Democrats needed three Republicans to join with all 24 of their members to overrule Christie's vetoes of funding for financially strapped communities, college tuition assistance and more than a dozen other programs. Vote after vote came down along party lines until Democrats finally called it quits.
The day before, votes to undo cuts to child abuse services, women's health clinics, legal aid and other safety-net programs also all fell short.
The most contentious cut addressed Tuesday was a $139 million allotment for struggling New Jersey cities and towns that Christie reduced before signing the Democrats' budget. In a move that shocked Democrats, Christie eliminated all but $10 million from the program to help communities facing foreclosures, withering real estate prices and low tax revenues.
Democrats said the cuts would force urban areas that rely heavily on the money to lay off police officers and other public workers.
"They basically just voted to put people to death in urban areas," Senate President Stephen Sweeney said after the vote.

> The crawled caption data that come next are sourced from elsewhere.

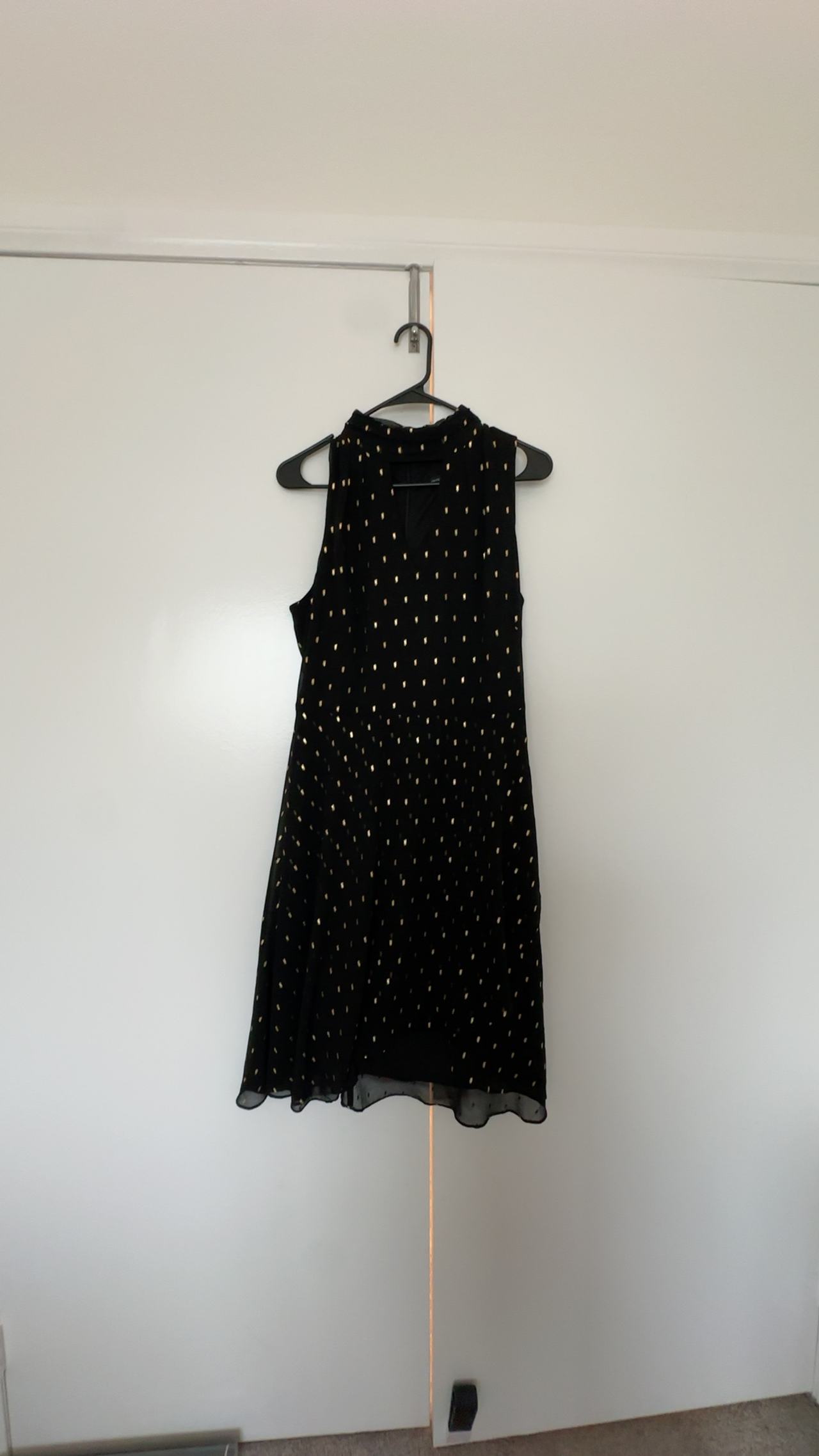 White House Black Market Painted Dot Dress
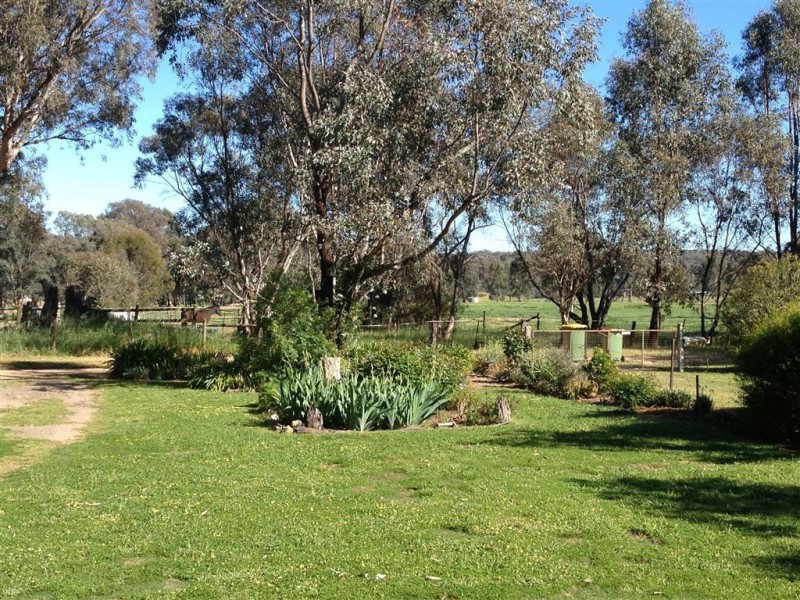 9 Angle Street, Chiltern VIC 3683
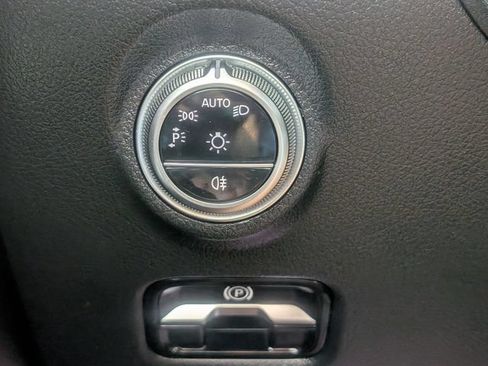 Used 2024 Mercedes-Benz C 300 Sedan image 14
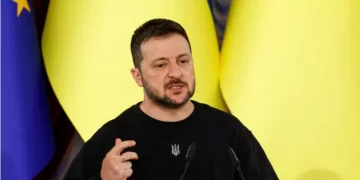 زيلينسكي: أوكرانيا ستوافق على حزمة مساعدات أمريكية إذا جاءت على شكل قرض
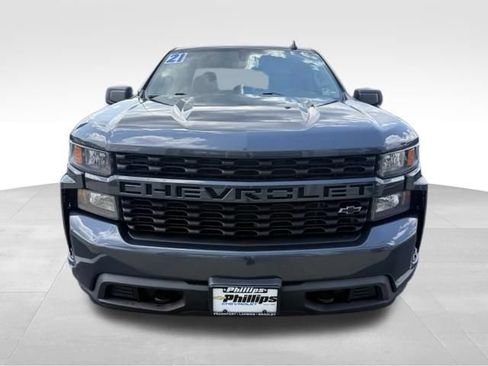 Used 2021 Chevrolet Silverado 1500 Custom w/ LPO, Dark Essentials Package AWD/4WD image 2
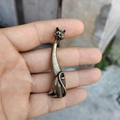 Statuetta di gatto a collo lungo in ottone vintage, decorazione artigianale in metallo - Gatto a Collo Lungo Sinistra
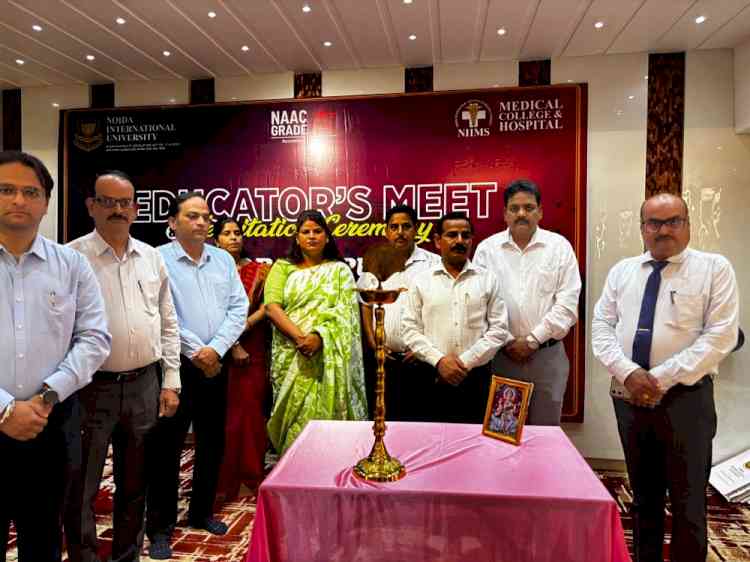 Noida International University Felicitates over 300 Academic leaders & Students in Gorakhpur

Sweeney and Democratic lawmakers say the governor gutted their budget to punish his political foes, at the expense of the state's most vulnerable residents. Christie shaved $1.3 billion in spending off the Democrats' budget, shrinking it to $29.7 billion before signing it into law.

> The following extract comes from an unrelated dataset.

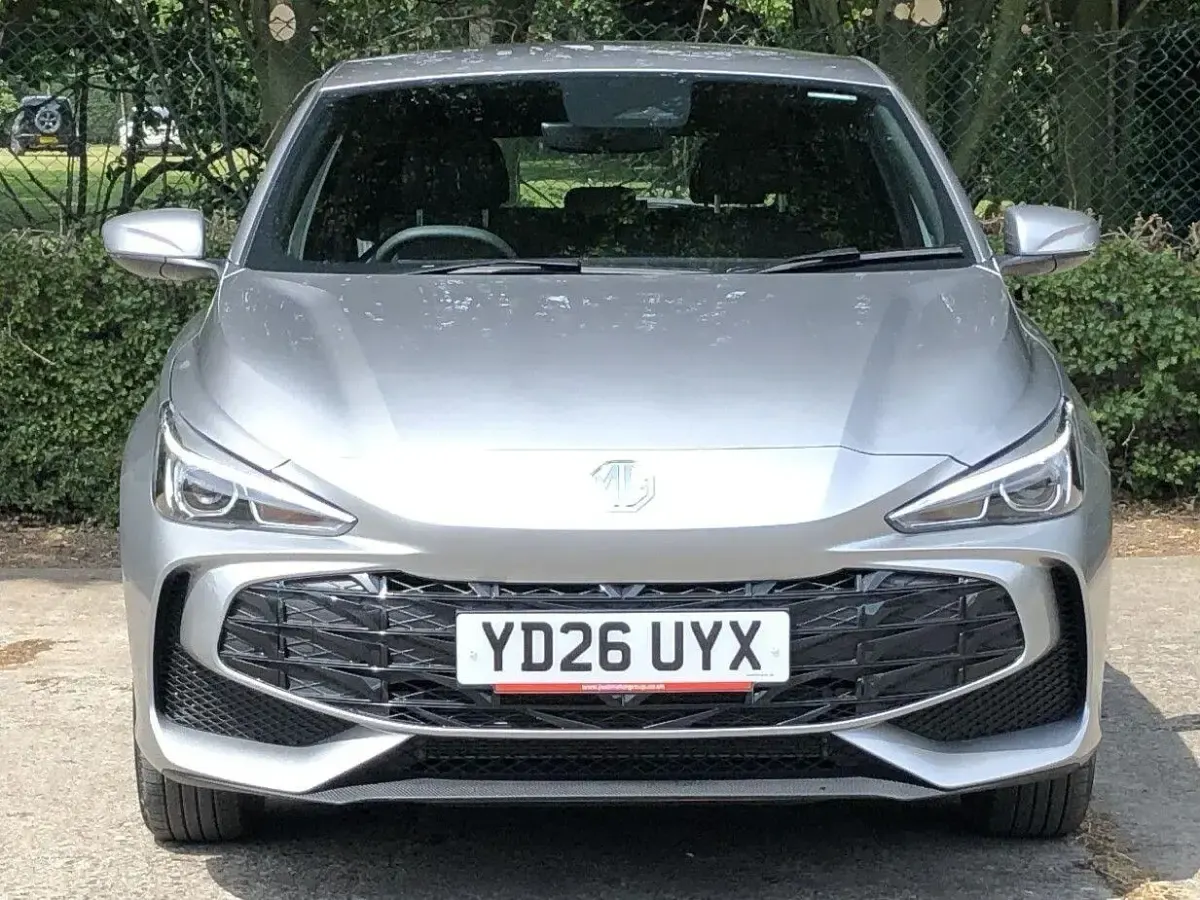 New MG MG3 SE 194 HP (142 kW) 2026 Silver Hatchback
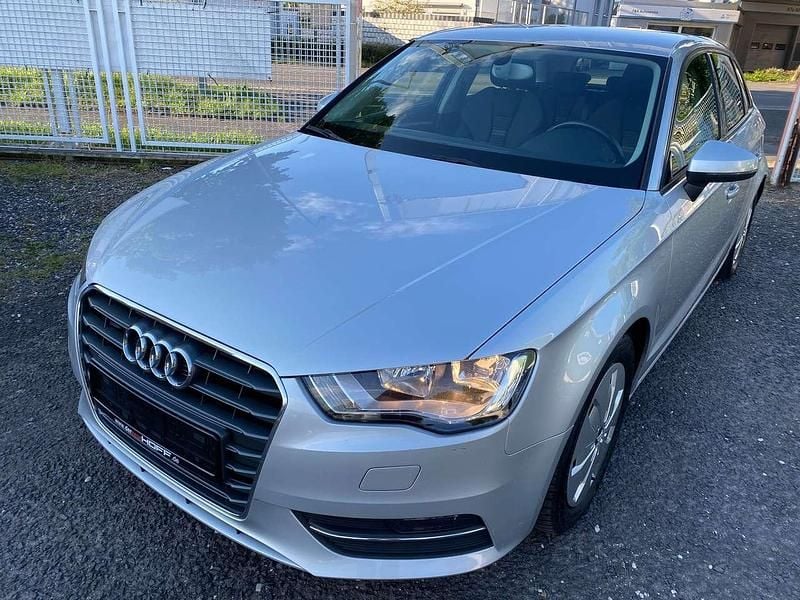 Eissilber metallic Gebraucht 2013 Audi A3 Ambition Kleinwagen | 8.160 € (Guter Preis) - Bild 1/4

Although Christie had earmarked almost $150 million for aid to communities in his original budget proposal, he vetoed almost all of it after Democrats delivered him a budget that spent more than the revenues Christie said the state would take in.
"The Democratic Majority put politics first and people second" by dropping their own plumper budget on Christie just days before the end of the fiscal year, Senate Republican Leader Tom Kean Jr. said.
All 13 override votes Tuesday failed 24-13, with two Republicans absent and one abstaining. Sweeney put the Senate under call, meaning that any non-votes are counted as a `no.'
Before votes were tallied, Republican Sen. Diane Allen of Burlington County sat expressionless as Sweeney gave her one last opportunity to cast a vote.
"There are a lot or excellent programs that were cut," Allen said. "As it stands today, it's very sad that we're in a position where we don't have the money."
Democratic Sen. Donald Norcross of Camden said the survival of his city was literally at stake. Almost 40 percent of Camden's draft budget is made up of funds from the program.
"What do you do when you lay off half your cops? Do you say, `I'm sorry,"' Norcross said.
It's unclear whether Democrats will be able to salvage any of the aid to communities. The Legislature could pass a supplemental spending bill during the year, but Republicans are unlikely to go along unless the state collects more revenue than Christie has predicted.
Democrats may also try to overcome Christie's veto of a tax on the state's wealthiest citizens that would bring in more revenues, but the measure would have to originate in the Assembly.